How IJNet helped a young American journalist become a foreign affairs reporter
When Catherine Cheney got her first taste of international journalism as an undergraduate student on a trip to Venezuela, she was hooked.
After graduation, Cheney landed a reporting job at POLITICO, but "missed the days when I was focusing on and reporting on issues beyond the Beltway," she writes in her entry in IJNet's storytelling contest.
Cheney discovered an opportunity on IJNet that would take her back overseas: the Arthur F. Burns Fellowship, which sends American and German journalists to one another's countries each summer for language studies and to work in a foreign newsroom.

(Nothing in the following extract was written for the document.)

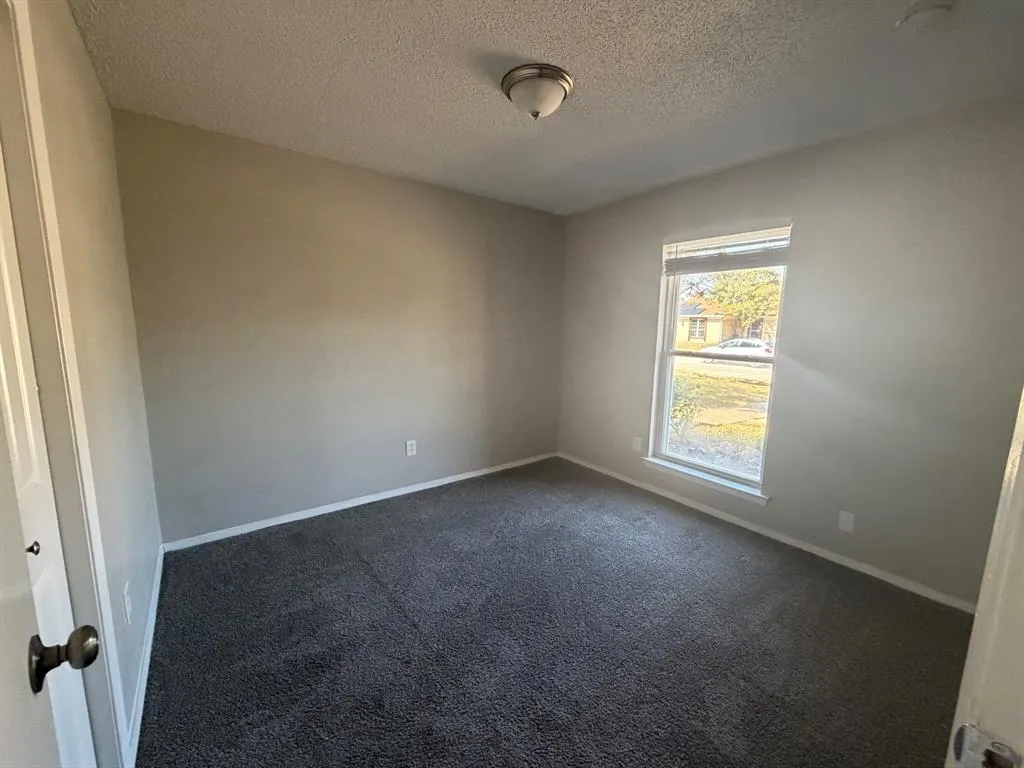 1112 Princeton Drive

"Not only did that experience remind me of why - and how much - I loved international reporting in the first place, leading to my current work for two foreign affairs publications, but it also opened my eyes to the importance of the German-American relationship, a topic I have continued to follow," writes Cheney, who now works for World Politics Review (WPR) and Al-Monitor.
Cheney's interest in the bilateral relationship has continued to grow: She will travel to Berlin this November to participate in the German-American Fulbright Commission Berlin Capital Program and report a series of stories for WPR.
Through the Burns Fellowship, Cheney says she developed "a deep fascination with how Germany and the United States will work together to tackle the challenges of the 21st century."
"In the months ahead, and throughout my career," she writes, "I plan to look into and report on that question, both from the American perspective and the German perspective, which I have come to appreciate and understand in a way I never could have without the Arthur F. Burns Fellowship and IJNet."